Tuesday, June 15, 2010

a new perspective

My teaching endeavors are expanding. Six months back I was a student myself, running down stairs, sketching, designing and then inevitably being rejected by the senior authority of course. Now I am the teacher. I am no longer compelled to meet deadlines neither am I late for class. Of course I have deadlines, but of a different nature. And I am actually enjoying myself. I enjoy working in a school, teaching imparting skills and knowledge I recently acquired myself. The best part about my job is the liberty to teach kids anything I want. The freedom that my employer has given me is a true blessing. So, now here’s the moment where I am deeply perplexed. I want to teach them studio art alongside art history lessons and design principles. I want to show my kids great movies that have left an impact on me. Some brilliant animations and cartoon series. I want to inspire my children to become something. The problem is, most of my students take the class for granted. I have caught them hiding in their classes, doing homework while I thought they were in the bathroom. I guess it’s not their fault. It’s what and how I teach them that makes them like me and my subject.

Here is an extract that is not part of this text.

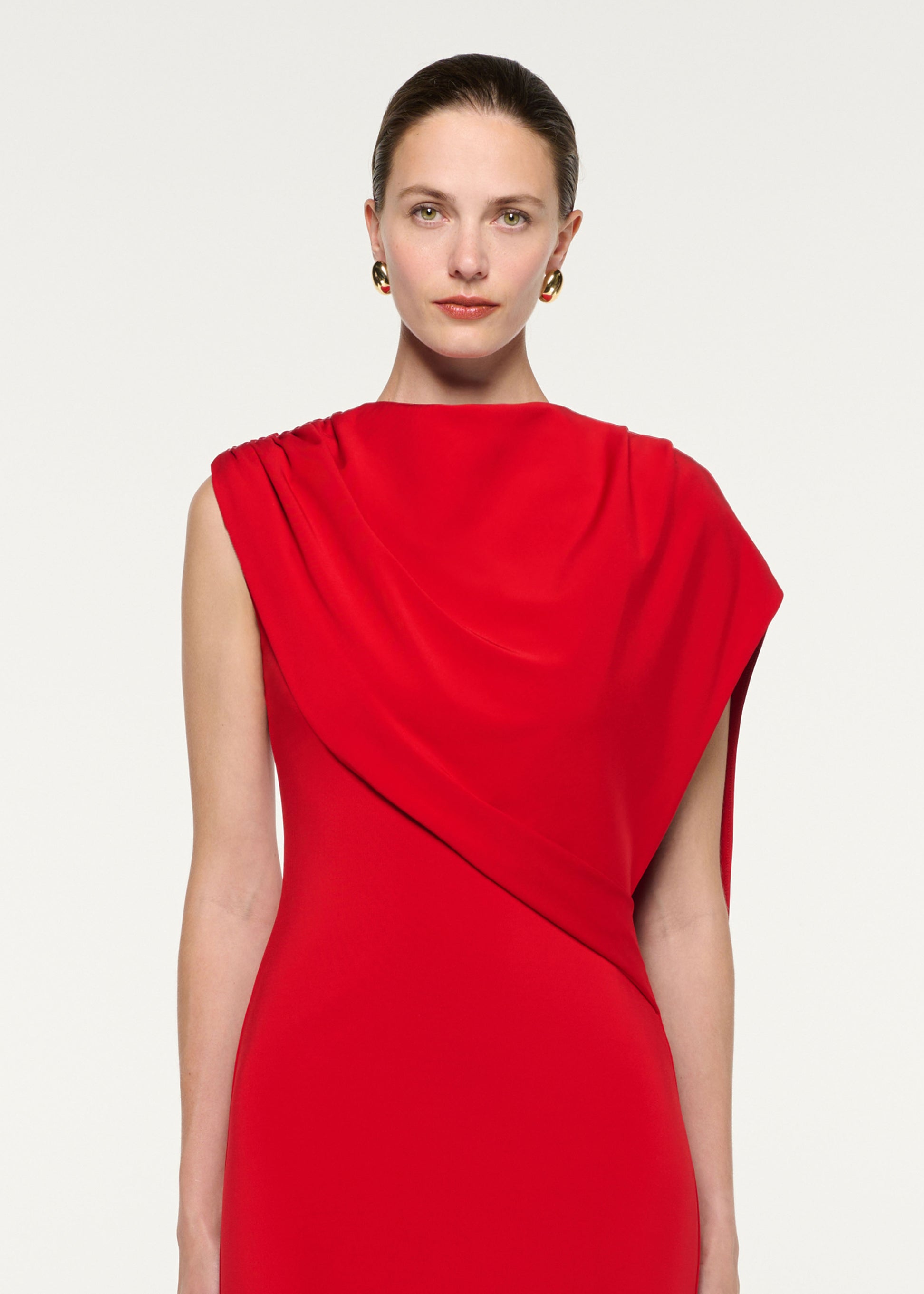 Close up of a model wearing the Asymmetric Cape Gown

Last semester, I had a student who made problem child look like a saint. He would not listen to me, touch a paper or pencil. He would just sit in class and laugh with his friends. My first month of teaching and being new to the field, I lost my temper with him. I threw him out. Next time I isolated him from his friends. Third time I forced him to draw. With my behaviour, I saw his attitude becoming worse every week. I was angry, hurt and mostly confused. I just didn’t know how to control him. I decided to seek help and went to the learning skills program head to consult about the boy. That day I learnt a lot. I learnt how he had symptoms of dyslexia and was behind most of his classmates. He couldn’t write well and was being tutored by the school’s special learning program instructors. She told me how he craved attention because he didn’t get any at home.
Feeling sorry him wouldn’t have helped him. I decided to give him the attention he desired. You know, by talking to students privately about their behavior can really help them sometimes. I asked him why he misbehaved and didn’t do any work. I told him I would let him sit with this friends as long as did something in my class. I knew he wasn’t capable of producing quality work so I gave him something he was comfortable with. And most of all, I let him be. And I realized that’s exactly what he really wanted. After that day, I never pushed or scolded him. Surprisingly, he never gave me any trouble. Every week, he sat happily with his friends and worked on a collage, sticking pieces of paper he had coloured himself. Maybe it wasn’t therapeutic, but it was definitely comforting for the child. I also learnt that almost every teacher disliked him and threw him out of their class. I knew then the reason for his misbehaviour. He knew the teachers didn’t respect him and that provoked him to further mischief. I am not sure if I won his respect but I did win a silent trust or maybe approval. I knew he didn’t enjoy my subject, but his giving in and making an effort was good enough for me. Next semester, I won’t be teaching him but I’ll definitely see him around. And I hope I’ll be able to help him more just like he helped me to see things from a different perspective.